Plaintiff asserts that "[t]o the extent [the] ALJ decided to effectively ignore the opinions of the treating physician for lack of so[-]called 'objective findings,' the ALJ was acting contrary to Social Security regulations." (Pl.'s Mem. in Supp. at 19.) To some extent, this argument appears to be directed towards Plaintiff's fibromyalgia diagnosis and the nature of this disease. See supra Section VI.B.1. Yet, the Eighth Circuit Court of Appeals has repeatedly upheld the discounting of a treating physician's opinion based on the lack of objective findings, such as normal muscle strength and range of motion, notwithstanding the claimant's fibromyalgia diagnosis. See, e.g., Heino, 578 F.3d at 880; Flynn v. Astrue, 513 F.3d 788, 793 (8th Cir. 2008); Casey, 503 F.3d at 692, 693-694. And, that is the situation in this case, as the medical record has a number of examples of Plaintiff having normal muscle strength and range of motion.

Further, the regulations require the ALJ to consider the consistency of treating physicians' opinions with the record as a whole. See 20 C.F.R. § 404.1527(c)(2); Bernard v. Colvin, 774 F.3d 482, 487 (8th Cir. 2014) ("Since the ALJ must evaluate the record as a whole, the opinions of treating physicians do not automatically control."). As discussed above, the ALJ considered Dr. Nistler's opinions in the context of other objective medical evidence in the record, including numerous examinations by other treatment providers, imaging studies, and Dr. Nistler's own clinical findings.
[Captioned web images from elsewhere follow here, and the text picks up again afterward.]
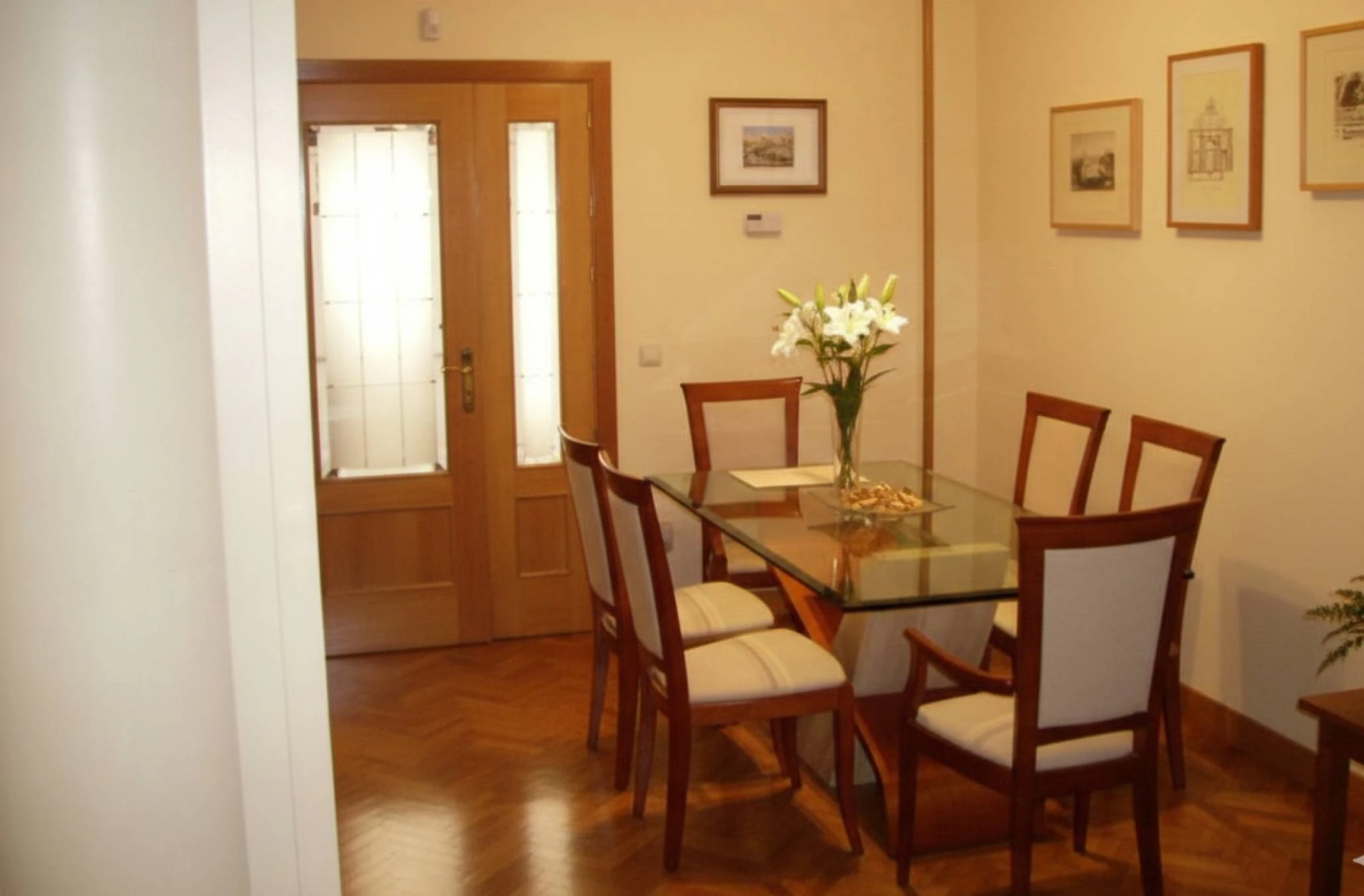 Escritorio con almacenaje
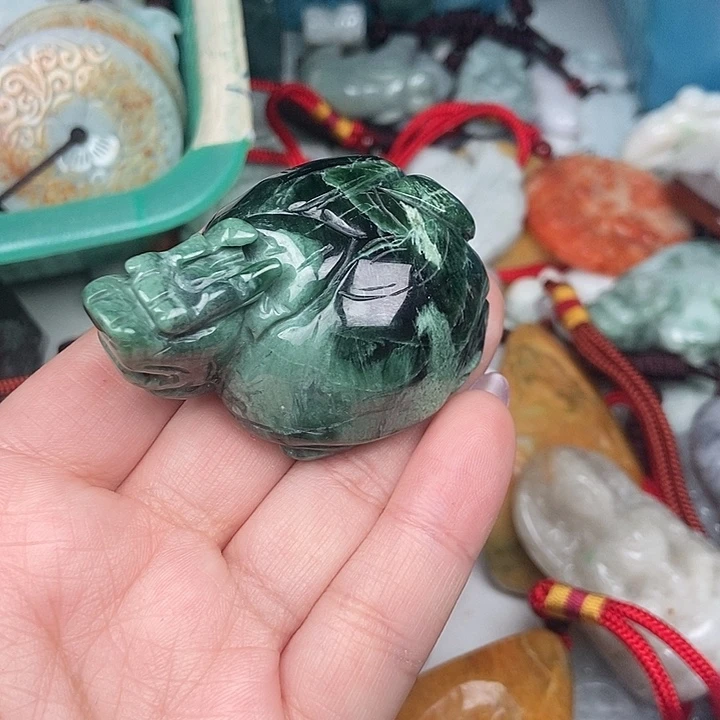 翡翠未镶嵌颈饰翡翠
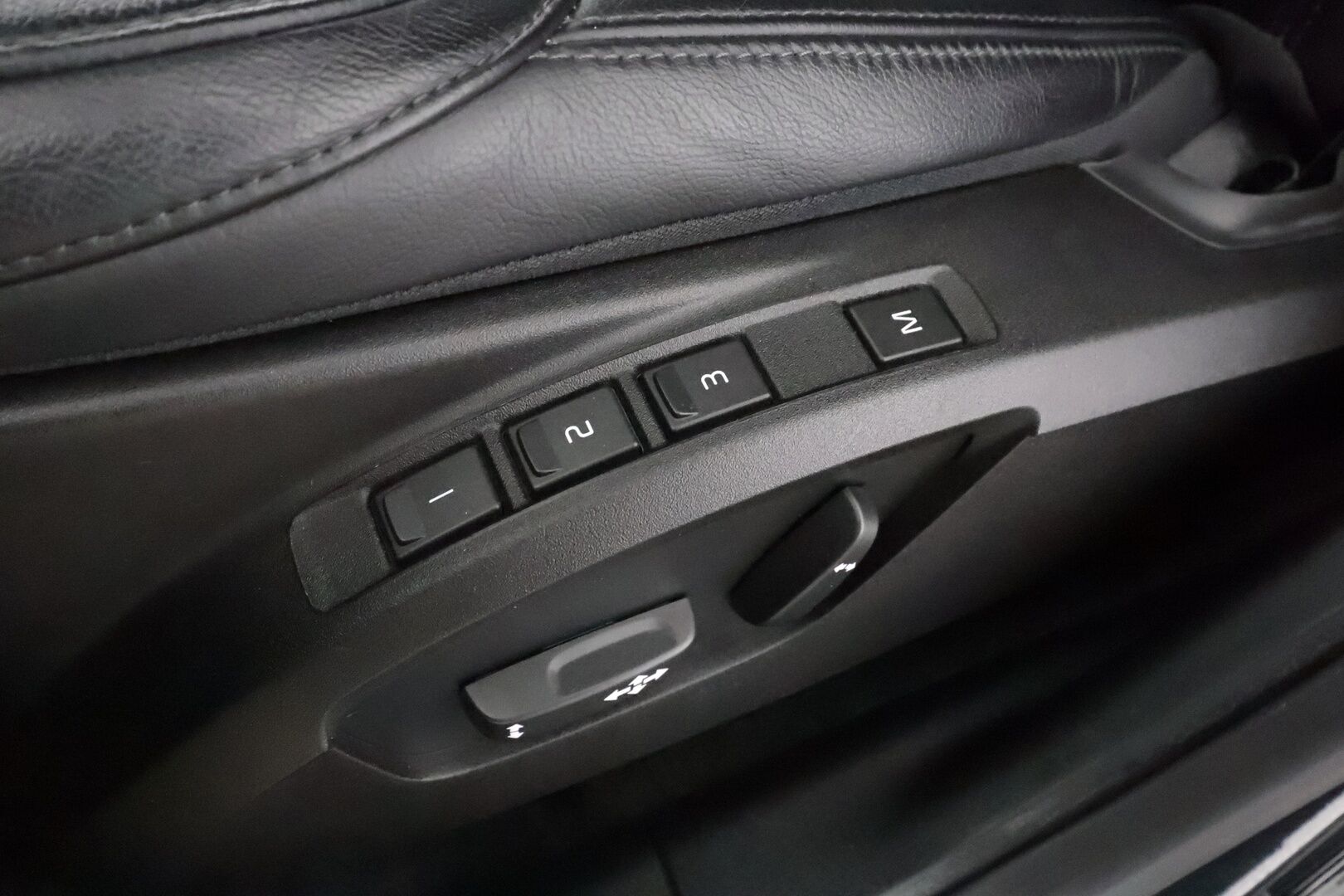 Volvo V40 2019 T2 Business Dynamic Edition aut - | Vakkari | Webasto | Muistipenkki | Xenon | Nahat | P.tutka | Digimittaristo | Suomi-auto | Kahdet Renkaat |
The ALJ recognized Plaintiff's "longstanding history of bilateral lower extremity edema and left upper extremity swelling which has been treated with compression wraps," pointing out that, while Plaintiff had periods of increased swelling, her lymphedema remained fairly stable and no changes were made to her compression program.
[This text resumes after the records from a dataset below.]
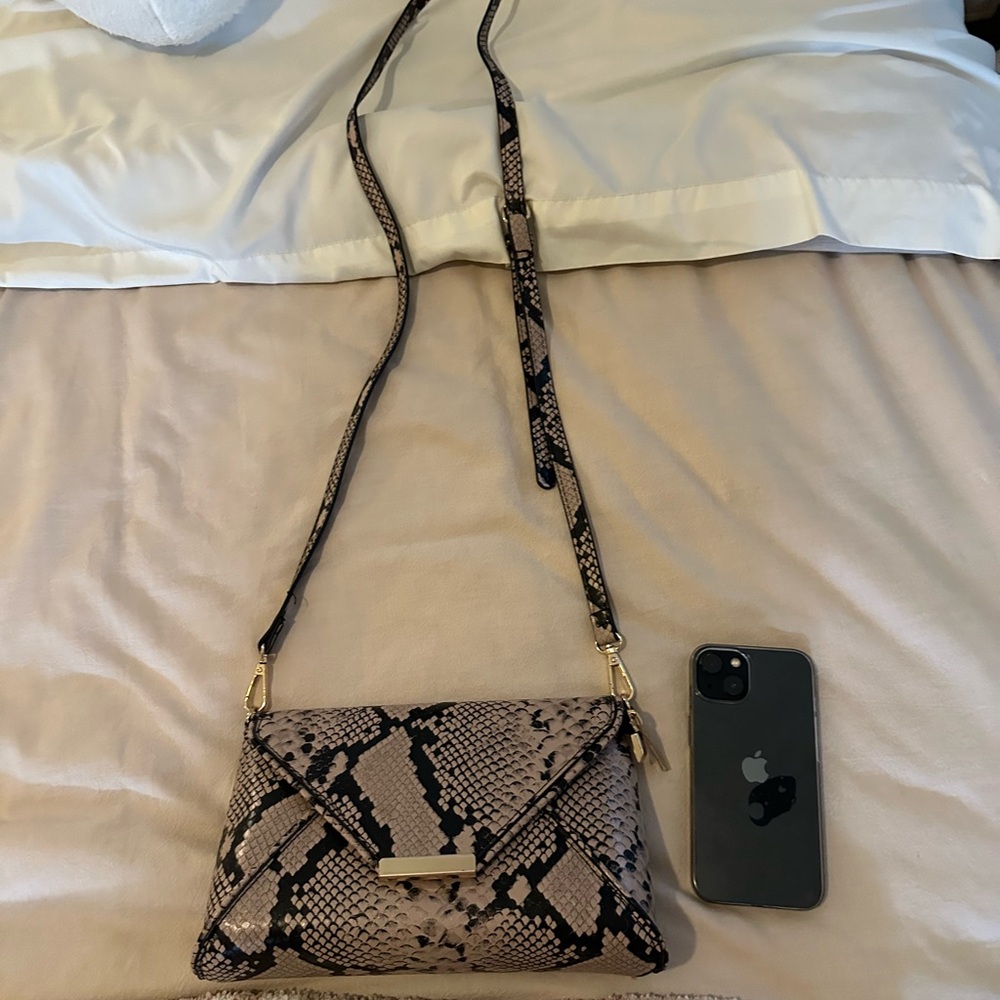 Snake Skin Pattern Purse - Picture 4 of 4
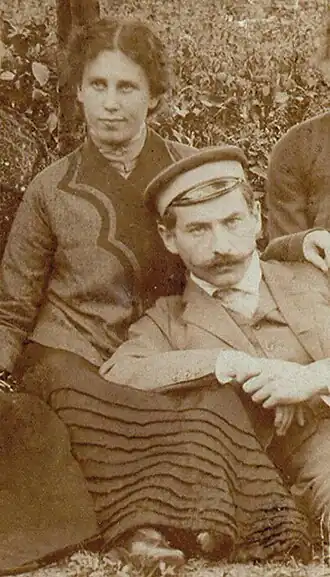 Photographie du Docteur Stanisław Krzyżanowski en compagnie de son épouse Janina Krzyżanowska.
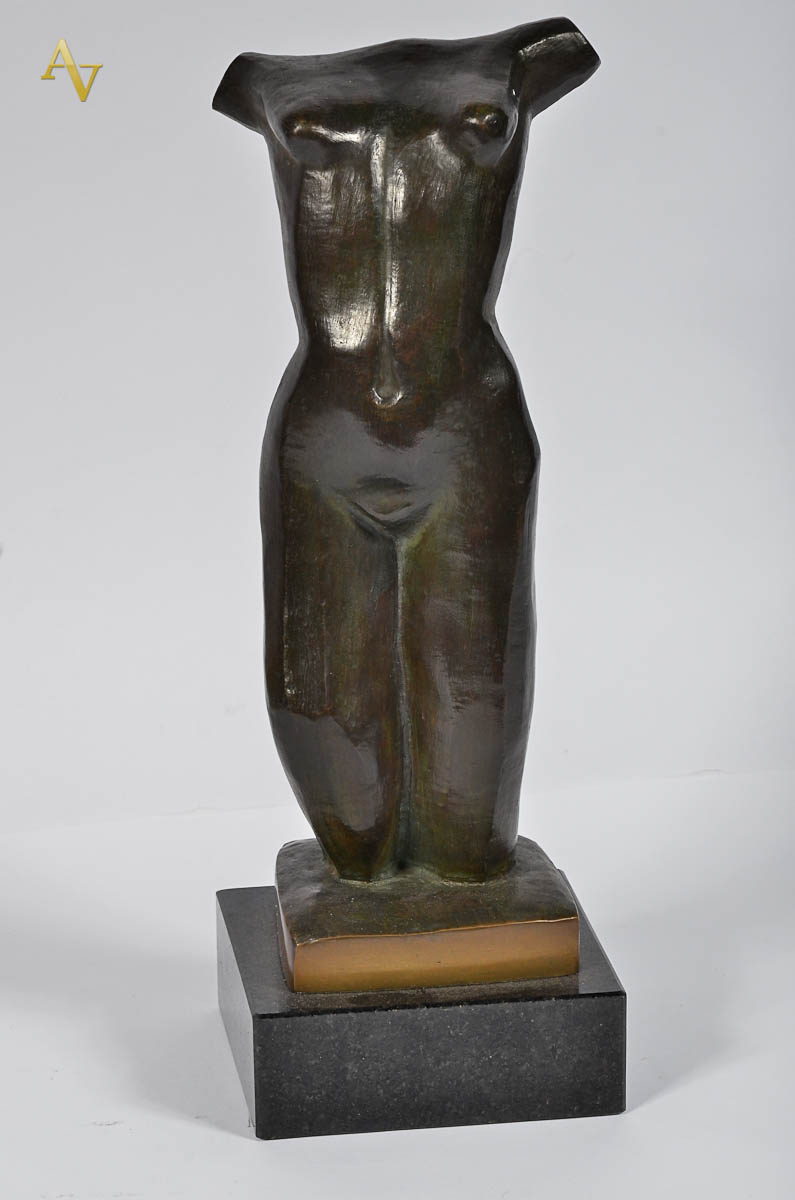 Torso de bronze c/ base de mármore. Alt. 38 cm.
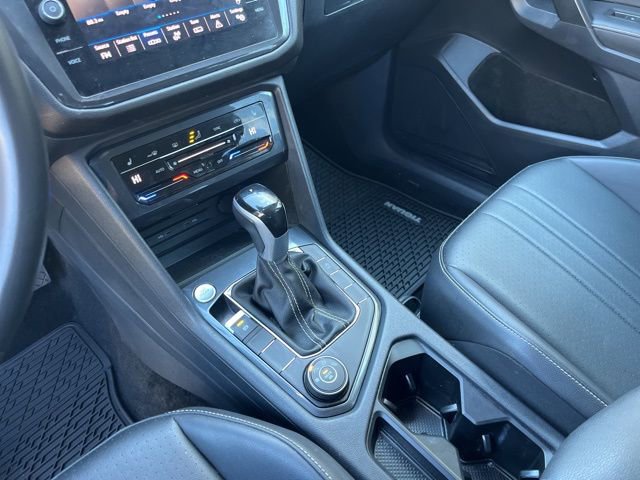 Used 2024 Volkswagen Tiguan SE image 27
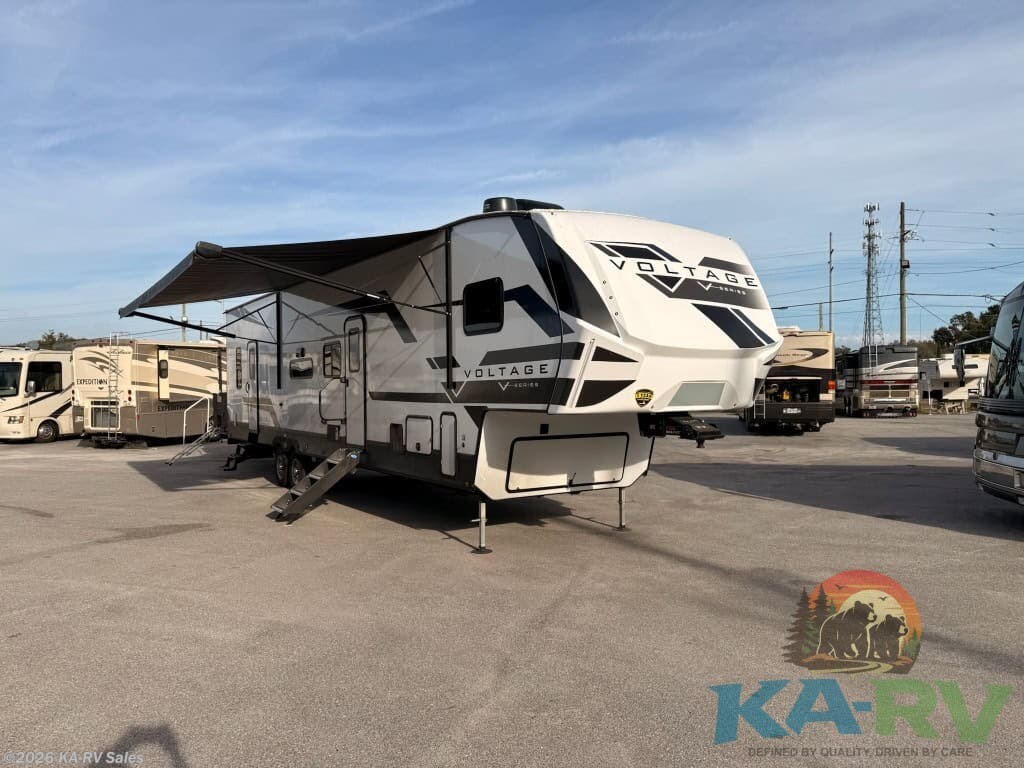Used 2025 Dutchmen  3800 available in Fruitland Park, Florida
Additionally, notwithstanding a setback following a fall, Plaintiff's knee symptoms improved following her surgeries, and Plaintiff had normal range of motion and full strength. Acknowledging Plaintiff's complaints of numbness in her upper extremities, the ALJ cited evidence showing that Plaintiff continued to exhibit normal muscle tone and strength in her upper extremities and imaging studies were largely normal. The ALJ additionally recognized that, while "a follow-up MRI of the cervical spine did suggest progressive disc bulging at C4-5, resulting in moderate spinal stenosis and severe C5 neural foraminal narrowing," there were no "associated spinal cord signal changes, and Neurology did not feel this was the likely cause of [Plaintiff's] symptoms." (Tr. 51.) And, again, the ALJ cited to inconsistencies between the degree of limitation opined by Dr. Nistler and the clinical findings reflected in her treatment notes. The ALJ properly considered other objective medical evidence in the record when determining the weight to be given to Dr. Nistler's opinions.

Moreover, the ALJ also properly considered Dr. Nistler's opinion in light of other evidence in the record, such as Plaintiff's activities. The ALJ noted that, during the same visit in which Plaintiff told Dr. Nistler that "the pain in her forearms limited her ability to work continuously and limited her ability to walk," she also reported that "she had recently begun to do some volunteer work at her college, which involved working for a 6-hour time frame four days a week for two weeks." (Tr. 52.) The ALJ properly discounted Dr. Nistler's opinions "when they were contradicted by or inconsistent with other evidence in the record." Howe v. Astrue, 499 F.3d 835, 841 (8th Cir. 2007); accord Julin, 526 F.3d at 108 (opinions of treating physicians "may be given limited weight if they are . . . inconsistent with the record").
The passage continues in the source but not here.